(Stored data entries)
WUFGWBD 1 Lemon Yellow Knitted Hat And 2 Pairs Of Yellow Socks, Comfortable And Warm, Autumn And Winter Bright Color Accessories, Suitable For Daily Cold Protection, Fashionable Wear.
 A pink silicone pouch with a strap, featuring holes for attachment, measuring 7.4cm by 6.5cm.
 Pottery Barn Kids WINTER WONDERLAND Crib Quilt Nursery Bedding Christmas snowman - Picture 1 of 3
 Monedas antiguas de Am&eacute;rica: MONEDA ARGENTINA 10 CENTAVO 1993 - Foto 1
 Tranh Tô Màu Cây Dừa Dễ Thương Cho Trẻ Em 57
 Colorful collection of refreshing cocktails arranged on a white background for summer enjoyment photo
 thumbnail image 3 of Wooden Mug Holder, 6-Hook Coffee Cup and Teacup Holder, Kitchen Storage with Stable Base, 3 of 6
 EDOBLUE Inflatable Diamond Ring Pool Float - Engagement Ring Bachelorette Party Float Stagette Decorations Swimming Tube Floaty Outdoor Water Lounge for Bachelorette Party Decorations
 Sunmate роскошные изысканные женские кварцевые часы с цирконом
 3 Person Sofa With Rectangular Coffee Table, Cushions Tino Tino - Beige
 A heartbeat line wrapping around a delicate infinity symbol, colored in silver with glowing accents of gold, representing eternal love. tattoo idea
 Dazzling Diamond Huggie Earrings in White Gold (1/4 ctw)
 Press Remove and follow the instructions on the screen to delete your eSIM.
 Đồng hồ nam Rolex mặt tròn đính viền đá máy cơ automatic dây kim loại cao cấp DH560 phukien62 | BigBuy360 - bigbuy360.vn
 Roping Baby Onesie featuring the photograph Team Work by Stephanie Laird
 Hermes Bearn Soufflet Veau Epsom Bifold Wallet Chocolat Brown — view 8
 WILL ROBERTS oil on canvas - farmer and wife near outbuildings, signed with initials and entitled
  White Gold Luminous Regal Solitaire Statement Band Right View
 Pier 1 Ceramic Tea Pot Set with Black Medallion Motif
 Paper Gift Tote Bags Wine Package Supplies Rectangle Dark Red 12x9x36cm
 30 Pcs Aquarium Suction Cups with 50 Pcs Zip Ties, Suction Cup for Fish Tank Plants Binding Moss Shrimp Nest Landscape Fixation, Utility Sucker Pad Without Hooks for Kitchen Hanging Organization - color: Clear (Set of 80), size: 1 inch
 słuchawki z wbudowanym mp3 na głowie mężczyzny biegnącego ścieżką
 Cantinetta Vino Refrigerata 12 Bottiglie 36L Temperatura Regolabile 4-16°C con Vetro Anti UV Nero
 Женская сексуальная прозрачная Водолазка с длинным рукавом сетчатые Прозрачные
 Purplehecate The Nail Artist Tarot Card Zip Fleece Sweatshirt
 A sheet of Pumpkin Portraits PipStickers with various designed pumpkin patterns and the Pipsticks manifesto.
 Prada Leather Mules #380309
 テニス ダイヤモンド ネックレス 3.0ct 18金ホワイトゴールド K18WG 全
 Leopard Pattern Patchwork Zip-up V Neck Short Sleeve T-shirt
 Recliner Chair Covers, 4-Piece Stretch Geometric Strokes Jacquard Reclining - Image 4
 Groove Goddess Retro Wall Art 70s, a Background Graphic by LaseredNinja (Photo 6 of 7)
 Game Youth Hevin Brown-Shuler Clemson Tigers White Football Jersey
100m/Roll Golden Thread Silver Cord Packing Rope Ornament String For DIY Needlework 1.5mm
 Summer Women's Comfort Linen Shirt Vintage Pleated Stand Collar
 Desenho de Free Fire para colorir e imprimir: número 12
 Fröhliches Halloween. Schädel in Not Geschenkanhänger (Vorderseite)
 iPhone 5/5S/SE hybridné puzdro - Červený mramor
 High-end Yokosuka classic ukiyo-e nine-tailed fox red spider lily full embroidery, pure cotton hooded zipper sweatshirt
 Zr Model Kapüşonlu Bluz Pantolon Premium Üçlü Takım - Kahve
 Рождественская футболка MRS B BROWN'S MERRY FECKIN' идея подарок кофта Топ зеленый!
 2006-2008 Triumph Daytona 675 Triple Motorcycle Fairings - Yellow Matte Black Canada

→ Your objective: Look above for the line with "30 Pcs Aquarium"; retype exactly that line, every line after it up to the line with "Женская сексуальная прозрачная", and that line too, nothing else.

→ Completed exercise:
 30 Pcs Aquarium Suction Cups with 50 Pcs Zip Ties, Suction Cup for Fish Tank Plants Binding Moss Shrimp Nest Landscape Fixation, Utility Sucker Pad Without Hooks for Kitchen Hanging Organization - color: Clear (Set of 80), size: 1 inch
 słuchawki z wbudowanym mp3 na głowie mężczyzny biegnącego ścieżką
 Cantinetta Vino Refrigerata 12 Bottiglie 36L Temperatura Regolabile 4-16°C con Vetro Anti UV Nero
 Женская сексуальная прозрачная Водолазка с длинным рукавом сетчатые Прозрачные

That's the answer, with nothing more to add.